:: WHAT THE TASK REQUIRES ::
Word for word, restate every entry that follows.

----- DATA FOR ANALYSIS

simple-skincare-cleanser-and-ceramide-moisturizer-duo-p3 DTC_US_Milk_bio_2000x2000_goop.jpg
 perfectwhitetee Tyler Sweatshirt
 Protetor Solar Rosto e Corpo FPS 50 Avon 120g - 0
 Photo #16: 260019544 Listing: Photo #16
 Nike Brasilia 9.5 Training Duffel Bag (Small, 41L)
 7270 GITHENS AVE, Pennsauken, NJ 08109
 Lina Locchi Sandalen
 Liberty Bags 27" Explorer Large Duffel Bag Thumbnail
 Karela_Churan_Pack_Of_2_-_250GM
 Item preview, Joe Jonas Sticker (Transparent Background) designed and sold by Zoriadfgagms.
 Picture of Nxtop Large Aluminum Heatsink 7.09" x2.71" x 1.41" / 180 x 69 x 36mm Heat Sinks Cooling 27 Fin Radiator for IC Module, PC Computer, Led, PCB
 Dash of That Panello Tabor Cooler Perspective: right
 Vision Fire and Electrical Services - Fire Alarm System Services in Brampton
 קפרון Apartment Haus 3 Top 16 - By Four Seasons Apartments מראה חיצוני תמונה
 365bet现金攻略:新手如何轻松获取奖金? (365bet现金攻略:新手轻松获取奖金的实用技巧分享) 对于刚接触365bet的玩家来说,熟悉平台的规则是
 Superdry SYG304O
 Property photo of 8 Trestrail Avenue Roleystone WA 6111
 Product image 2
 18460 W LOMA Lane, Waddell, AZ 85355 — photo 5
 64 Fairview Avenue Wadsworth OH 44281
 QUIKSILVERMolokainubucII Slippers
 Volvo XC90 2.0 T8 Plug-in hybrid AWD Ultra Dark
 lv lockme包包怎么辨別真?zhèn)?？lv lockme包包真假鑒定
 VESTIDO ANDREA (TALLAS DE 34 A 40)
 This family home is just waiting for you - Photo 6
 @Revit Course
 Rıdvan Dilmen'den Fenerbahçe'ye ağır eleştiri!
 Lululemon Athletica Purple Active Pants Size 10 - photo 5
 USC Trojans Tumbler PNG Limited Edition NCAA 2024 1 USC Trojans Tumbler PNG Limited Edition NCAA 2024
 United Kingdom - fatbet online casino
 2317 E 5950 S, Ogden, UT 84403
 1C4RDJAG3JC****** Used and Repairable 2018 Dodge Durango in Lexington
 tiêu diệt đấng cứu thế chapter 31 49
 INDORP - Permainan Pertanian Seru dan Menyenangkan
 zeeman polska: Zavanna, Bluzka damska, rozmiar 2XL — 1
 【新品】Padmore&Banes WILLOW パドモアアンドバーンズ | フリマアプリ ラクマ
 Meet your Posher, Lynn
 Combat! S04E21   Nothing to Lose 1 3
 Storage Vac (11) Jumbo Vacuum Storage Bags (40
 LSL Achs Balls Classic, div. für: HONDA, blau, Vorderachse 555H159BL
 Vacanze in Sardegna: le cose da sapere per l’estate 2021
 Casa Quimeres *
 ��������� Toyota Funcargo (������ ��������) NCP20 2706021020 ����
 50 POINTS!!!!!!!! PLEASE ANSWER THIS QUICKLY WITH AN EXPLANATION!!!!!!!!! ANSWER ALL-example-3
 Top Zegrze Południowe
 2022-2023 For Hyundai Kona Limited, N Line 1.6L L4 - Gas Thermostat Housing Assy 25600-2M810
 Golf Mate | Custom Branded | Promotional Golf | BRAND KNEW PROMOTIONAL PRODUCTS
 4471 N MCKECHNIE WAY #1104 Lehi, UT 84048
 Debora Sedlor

----------

:: WRITTEN REPLY ::
simple-skincare-cleanser-and-ceramide-moisturizer-duo-p3 DTC_US_Milk_bio_2000x2000_goop.jpg
 perfectwhitetee Tyler Sweatshirt
 Protetor Solar Rosto e Corpo FPS 50 Avon 120g - 0
 Photo #16: 260019544 Listing: Photo #16
 Nike Brasilia 9.5 Training Duffel Bag (Small, 41L)
 7270 GITHENS AVE, Pennsauken, NJ 08109
 Lina Locchi Sandalen
 Liberty Bags 27" Explorer Large Duffel Bag Thumbnail
 Karela_Churan_Pack_Of_2_-_250GM
 Item preview, Joe Jonas Sticker (Transparent Background) designed and sold by Zoriadfgagms.
 Picture of Nxtop Large Aluminum Heatsink 7.09" x2.71" x 1.41" / 180 x 69 x 36mm Heat Sinks Cooling 27 Fin Radiator for IC Module, PC Computer, Led, PCB
 Dash of That Panello Tabor Cooler Perspective: right
 Vision Fire and Electrical Services - Fire Alarm System Services in Brampton
 קפרון Apartment Haus 3 Top 16 - By Four Seasons Apartments מראה חיצוני תמונה
 365bet现金攻略:新手如何轻松获取奖金? (365bet现金攻略:新手轻松获取奖金的实用技巧分享) 对于刚接触365bet的玩家来说,熟悉平台的规则是
 Superdry SYG304O
 Property photo of 8 Trestrail Avenue Roleystone WA 6111
 Product image 2
 18460 W LOMA Lane, Waddell, AZ 85355 — photo 5
 64 Fairview Avenue Wadsworth OH 44281
 QUIKSILVERMolokainubucII Slippers
 Volvo XC90 2.0 T8 Plug-in hybrid AWD Ultra Dark
 lv lockme包包怎么辨別真?zhèn)?？lv lockme包包真假鑒定
 VESTIDO ANDREA (TALLAS DE 34 A 40)
 This family home is just waiting for you - Photo 6
 @Revit Course
 Rıdvan Dilmen'den Fenerbahçe'ye ağır eleştiri!
 Lululemon Athletica Purple Active Pants Size 10 - photo 5
 USC Trojans Tumbler PNG Limited Edition NCAA 2024 1 USC Trojans Tumbler PNG Limited Edition NCAA 2024
 United Kingdom - fatbet online casino
 2317 E 5950 S, Ogden, UT 84403
 1C4RDJAG3JC****** Used and Repairable 2018 Dodge Durango in Lexington
 tiêu diệt đấng cứu thế chapter 31 49
 INDORP - Permainan Pertanian Seru dan Menyenangkan
 zeeman polska: Zavanna, Bluzka damska, rozmiar 2XL — 1
 【新品】Padmore&Banes WILLOW パドモアアンドバーンズ | フリマアプリ ラクマ
 Meet your Posher, Lynn
 Combat! S04E21   Nothing to Lose 1 3
 Storage Vac (11) Jumbo Vacuum Storage Bags (40
 LSL Achs Balls Classic, div. für: HONDA, blau, Vorderachse 555H159BL
 Vacanze in Sardegna: le cose da sapere per l’estate 2021
 Casa Quimeres *
 ��������� Toyota Funcargo (������ ��������) NCP20 2706021020 ����
 50 POINTS!!!!!!!! PLEASE ANSWER THIS QUICKLY WITH AN EXPLANATION!!!!!!!!! ANSWER ALL-example-3
 Top Zegrze Południowe
 2022-2023 For Hyundai Kona Limited, N Line 1.6L L4 - Gas Thermostat Housing Assy 25600-2M810
 Golf Mate | Custom Branded | Promotional Golf | BRAND KNEW PROMOTIONAL PRODUCTS
 4471 N MCKECHNIE WAY #1104 Lehi, UT 84048
 Debora Sedlor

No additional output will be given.